Top of DATA TO USE
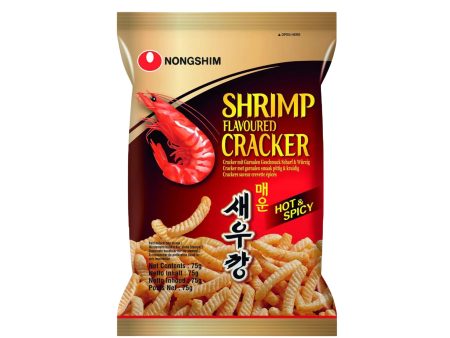 Nongshim Kräcker mit Garnelen Geschmack Scharf 75 g Online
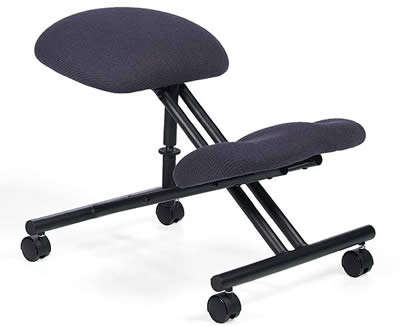 Kneeling chair - excellent for back posture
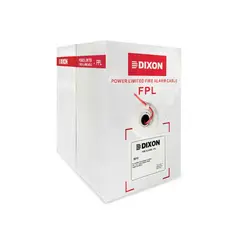DIXON - CABLE CONTRA INCENDIO 9010 2X18 AWG 300 METROS ROJO PN 9010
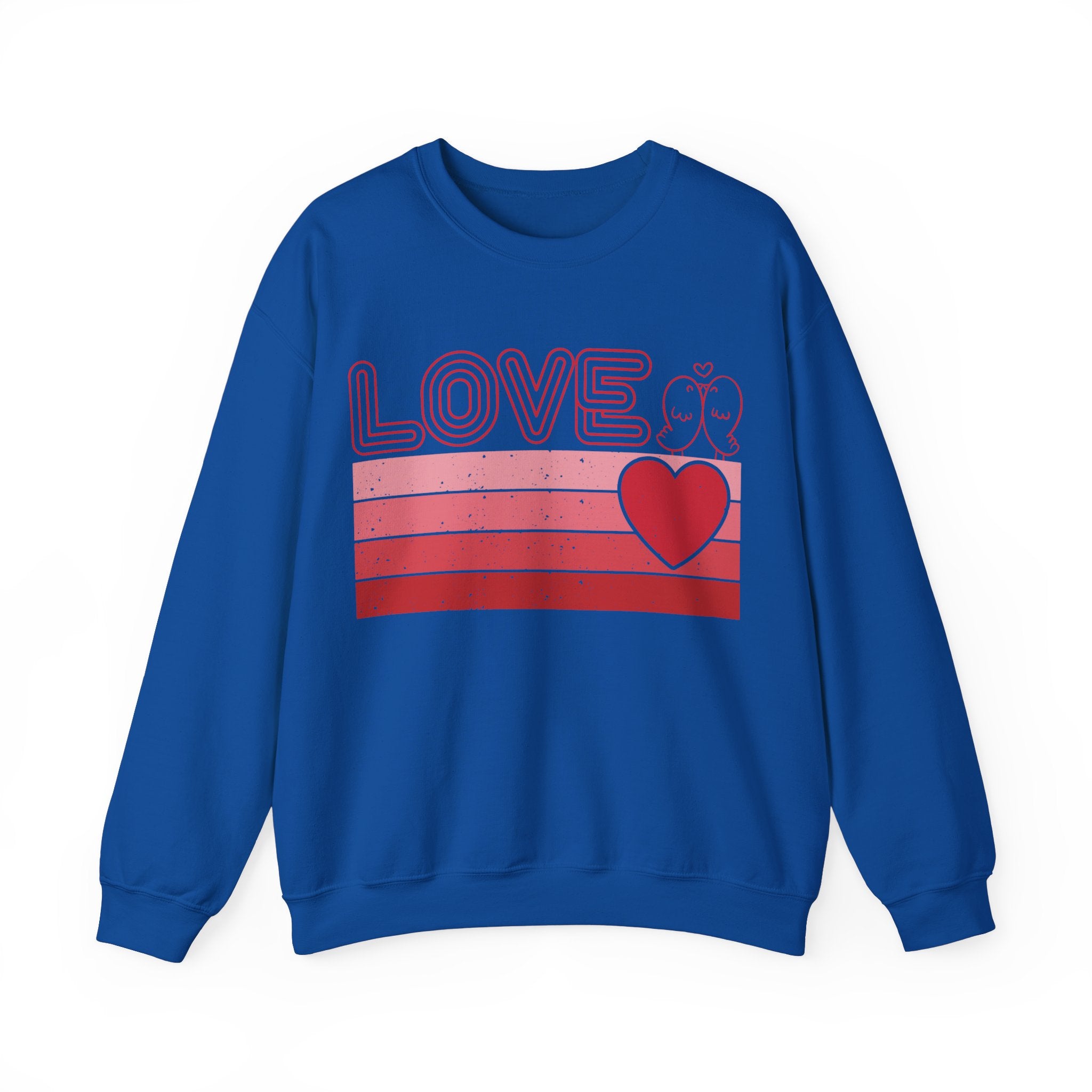 Retro Love Valentines Day Sweatshirt, Valentines Day Shirts For Woman, Heart Shirt, Cute Valentine Shirt, Valentines Day Gift, Valentines Gift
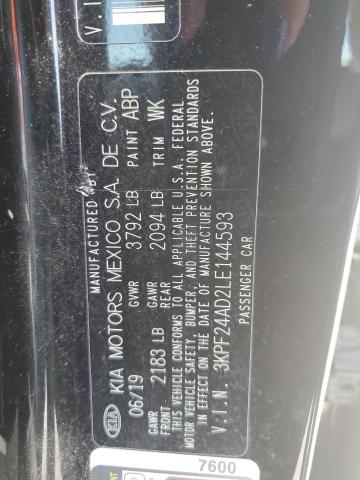 2020 Kia Forte Fe VIN: 3KPF24AD2LE144593 Lot: 57251384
Bottom of DATA TO USE
- _EXERCISE GOAL_:
The copy you give must run from the line containing "DIXON - CABLE" through the last line of the records, exactly, with the pictures left out.

- _WORKED SOLUTION_:
DIXON - CABLE CONTRA INCENDIO 9010 2X18 AWG 300 METROS ROJO PN 9010
 Retro Love Valentines Day Sweatshirt, Valentines Day Shirts For Woman, Heart Shirt, Cute Valentine Shirt, Valentines Day Gift, Valentines Gift
 2020 Kia Forte Fe VIN: 3KPF24AD2LE144593 Lot: 57251384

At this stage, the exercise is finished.